(Collected data)
====

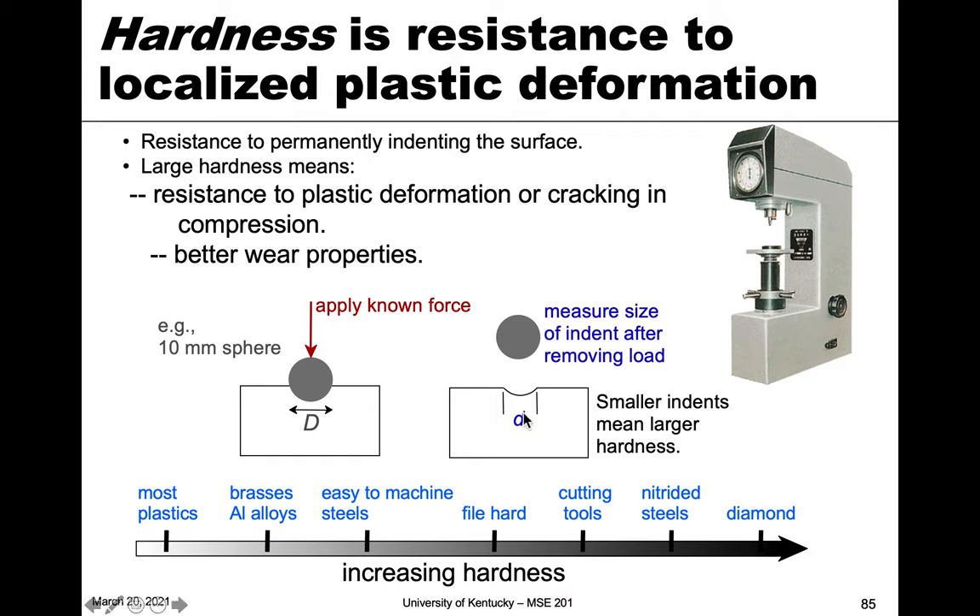We measure the size of the indentation, as you see here. This is a 10-millimeter sphere pressed in with a known force to a material. The diameter of that ball is capital D, and once the load is removed there is an indentation with diameter lowercase d.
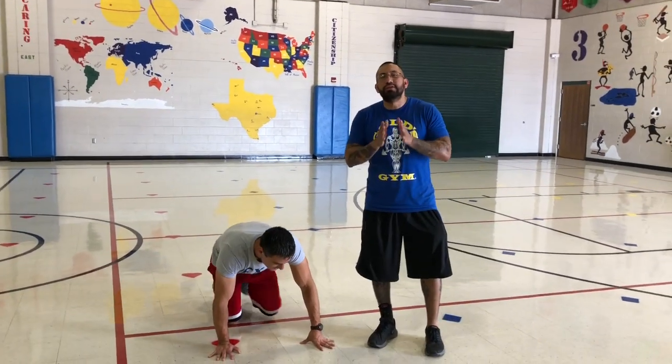Now remember, you have 30 seconds. Coach got 28. You need to make sure that you beat the number 28. Go ahead and begin — give yourself 30 seconds. Good luck guys.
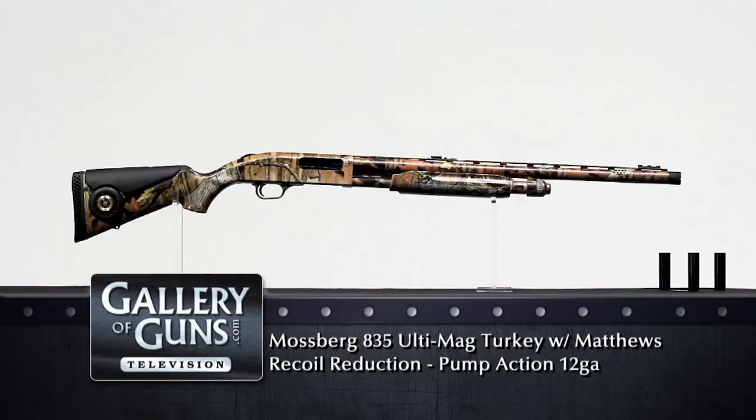Thanks for joining us again on Gallery of Guns. Our guest this segment is Shotgun News publisher Bob Honeycutt, who is going to tell us about a high-tech shotgun designed with turkey hunting in mind: the Model 835 Ultimag Turkey from Mossberg.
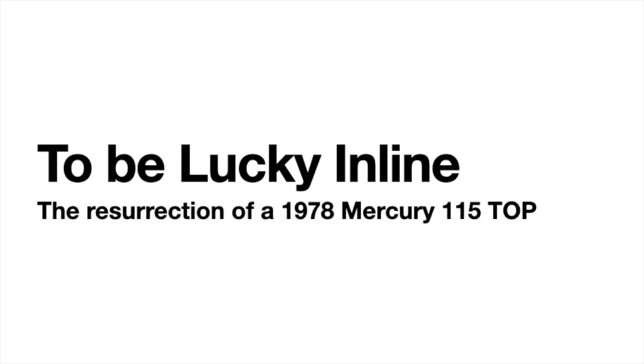To be lucky in line — the resurrection of a 1978 Mercury 115 Tower of Power, by Mark, Peter, and the Merc Whisperer, Mercson L6.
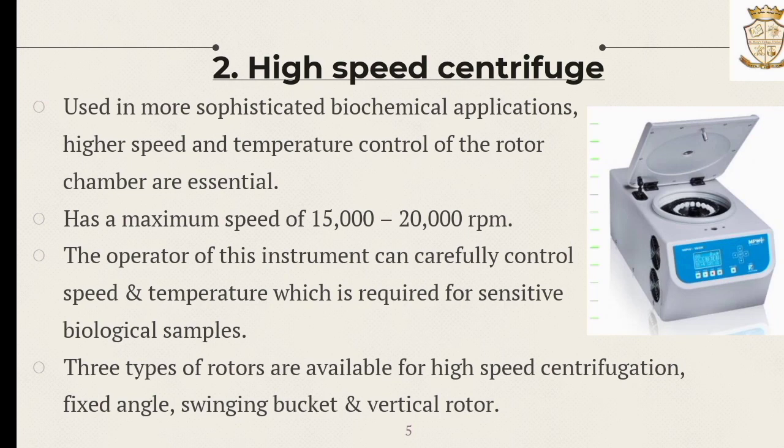The second one is the high speed centrifuge. They are used in most sophisticated biochemical applications. Higher speed and temperature control of the rotor chamber are essential for this centrifuge, with a maximum speed of 15,000 to 20,000 rpm. The operator can carefully control the speed and temperature required for sensitive biochemical samples. Three types of rotors are available: fixed angle, swinging bucket, and vertical rotors.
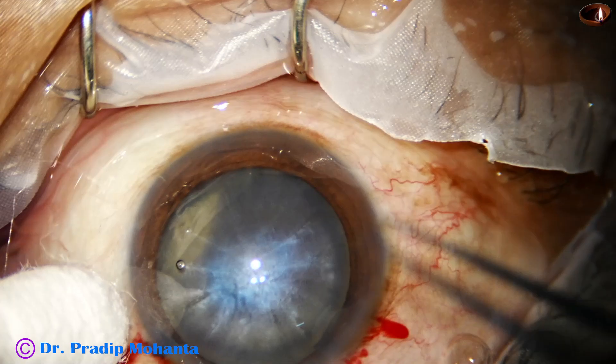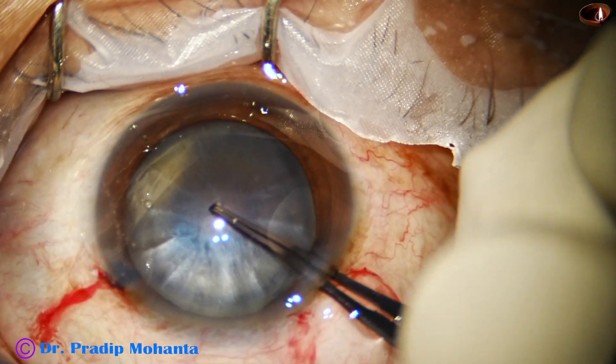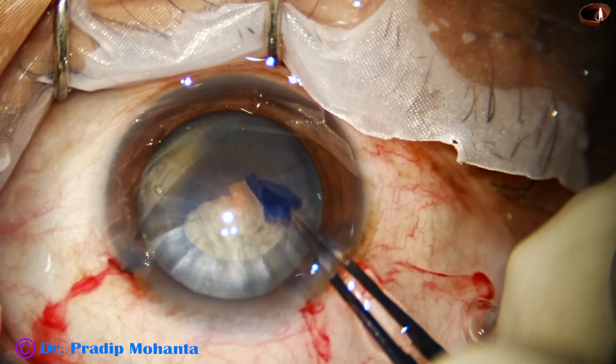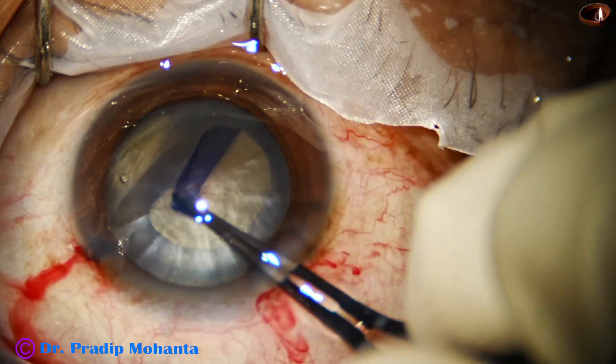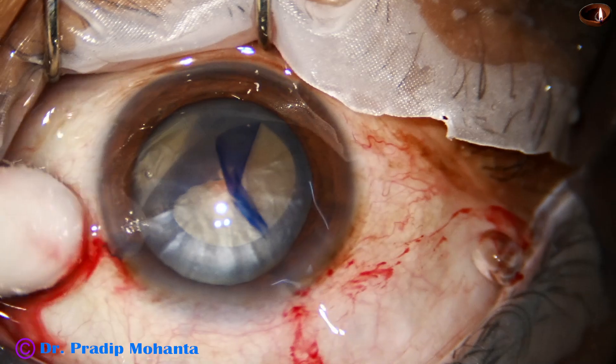Utrata forceps is being used to do the rhexis. There is some convexity of the anterior capsule — a mild intumescence is there, and some amount of oily fluid came out. Now, see what happens.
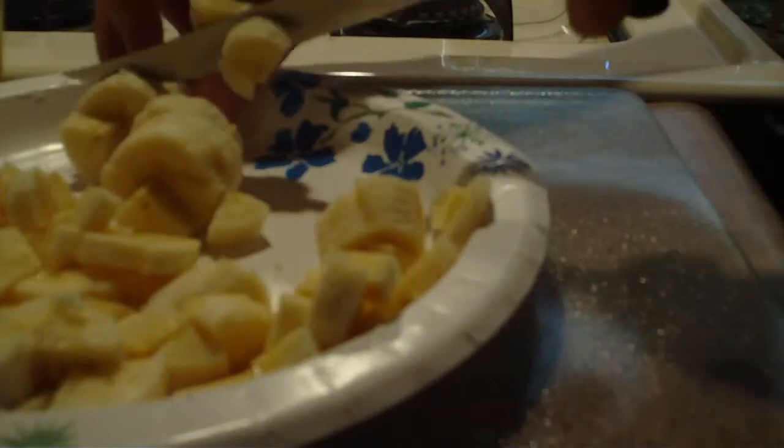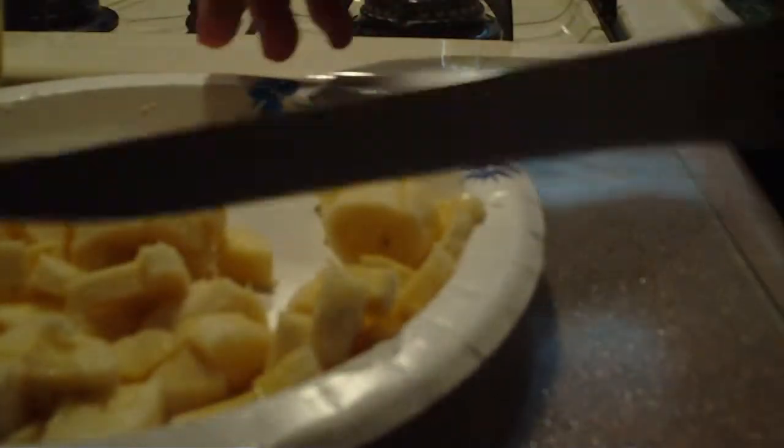And the oatmeal will start to boil — it starts to fizz up. And when it all starts to fizz up, that's when it's usually done. Or you can leave it longer if you like it less runny.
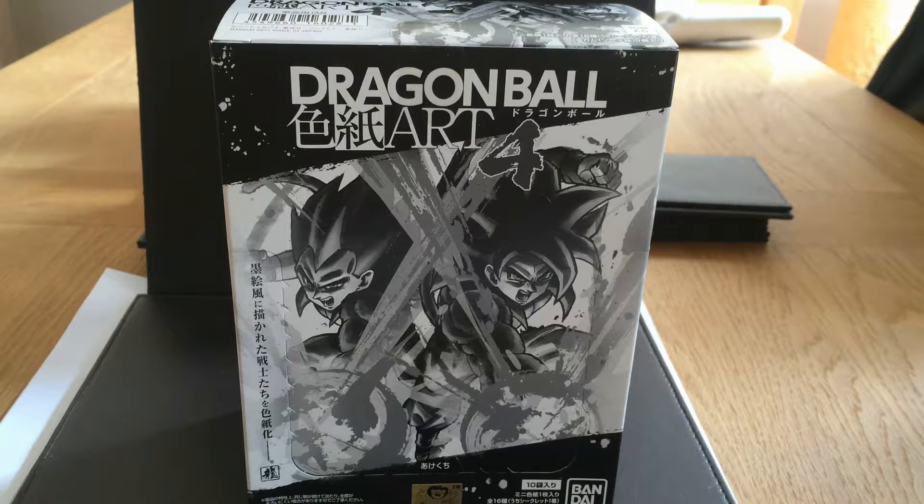Hello everybody. Welcome back. I haven't made a video for a long time, and I'm back with this Dragon Ball artwork. Dragon Ball artwork 4 to be exact.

====

**The problem**:
Copy out exactly, with no pictures, the lines of the data from the first one through the line bearing "The second one".

**Reply**:
We measure the size of the indentation, as you see here. This is a 10-millimeter sphere pressed in with a known force to a material. The diameter of that ball is capital D, and once the load is removed there is an indentation with diameter lowercase d.
Now remember, you have 30 seconds. Coach got 28. You need to make sure that you beat the number 28. Go ahead and begin — give yourself 30 seconds. Good luck guys.
Thanks for joining us again on Gallery of Guns. Our guest this segment is Shotgun News publisher Bob Honeycutt, who is going to tell us about a high-tech shotgun designed with turkey hunting in mind: the Model 835 Ultimag Turkey from Mossberg.
To be lucky in line — the resurrection of a 1978 Mercury 115 Tower of Power, by Mark, Peter, and the Merc Whisperer, Mercson L6.
The second one is the high speed centrifuge. They are used in most sophisticated biochemical applications. Higher speed and temperature control of the rotor chamber are essential for this centrifuge, with a maximum speed of 15,000 to 20,000 rpm. The operator can carefully control the speed and temperature required for sensitive biochemical samples. Three types of rotors are available: fixed angle, swinging bucket, and vertical rotors.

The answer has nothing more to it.